Alleged Cleveland terror suspect discussed travel plans to San Francisco for al Quaeda: FBI

An American-born citizen who federal authorities say recently scouted locations in Cleveland  to attack people watching Fourth of July fireworks and talked of carrying out additional bombings has been charged with trying to support terrorism. 

While the main attack appears to have been planned for Cleveland and possibly Philadelphia, the FBI's criminal complaint against Demetrius Pitts, 48, also alleged he "also discussed possibly traveling to San Francisco to conduct additional targeting and reconnaissance on behalf of al Qaeda."

The federal documents were not more specific than that regarding the timing and location of the Bay Area intended targets. FBI spokeswoman Vicki Anderson told KTVU that she could not provide any more information than what was in the complaint. 

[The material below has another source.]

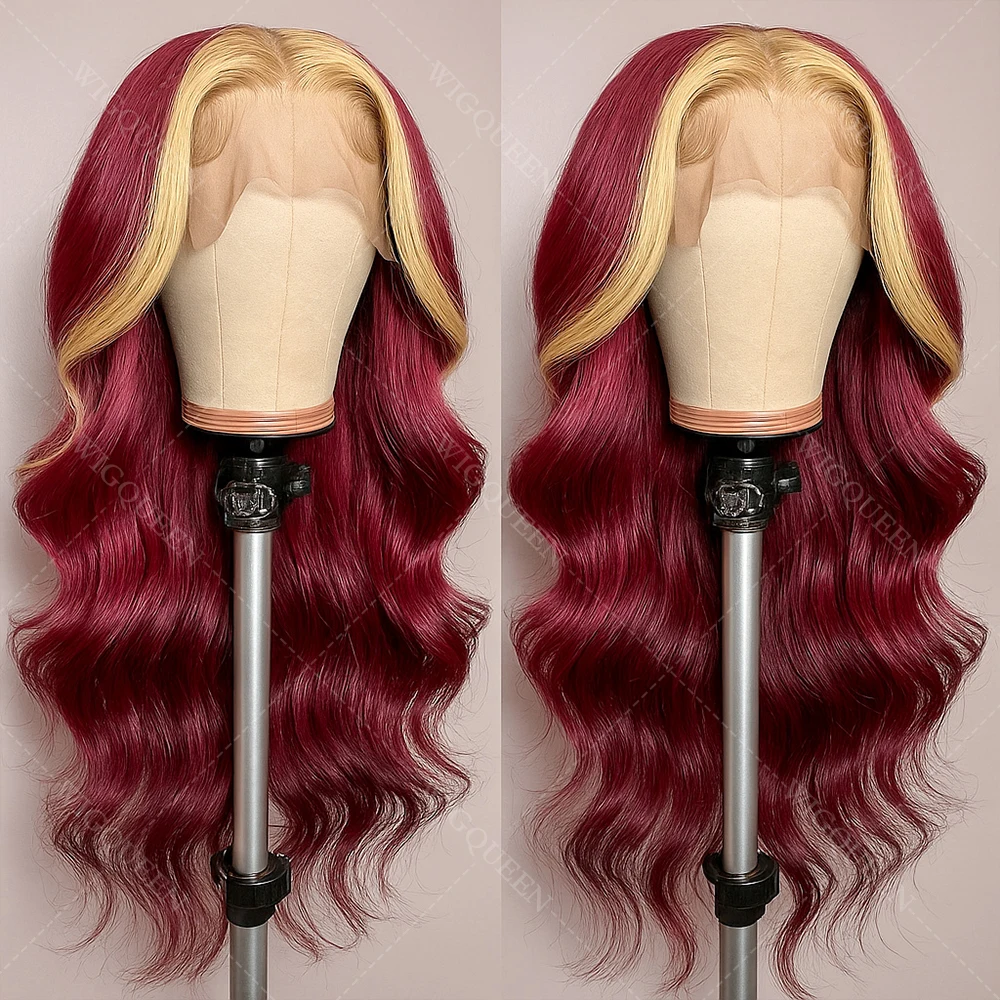 

613/99J Выделите парики с объемной волной 13x4 Кружевные фронтальные парики Человеческие волосы Бразильский Ombre Блондинка Mix Бордовый цвет Парики из человеческих волос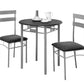Cappuccino with silver Metal 3Pcs Dining Set By Homeroots | Dining Sets | Modishstore - 6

At a news conference in Cleveland on Monday, federal authorities said that Pitts, who also went by Abdur Raheem Rahfeez and Salahadeen Osama Waleed, had repeatedly expressed his support for al-Qaida for more than a year and talked about setting off bombs at a July 4 parade and later in his hometown of Philadelphia.

Pitts was due in federal court Monday in Cleveland. There were no court documents listing an attorney for him.

He was arrested Sunday after meeting an undercover agent and charged with attempted support of a terrorist organization.

FBI Special Agent Stephen Anthony said it was not clear how close Pitts was to carrying out his threats, but he said authorities couldn't sit back and wait to find out.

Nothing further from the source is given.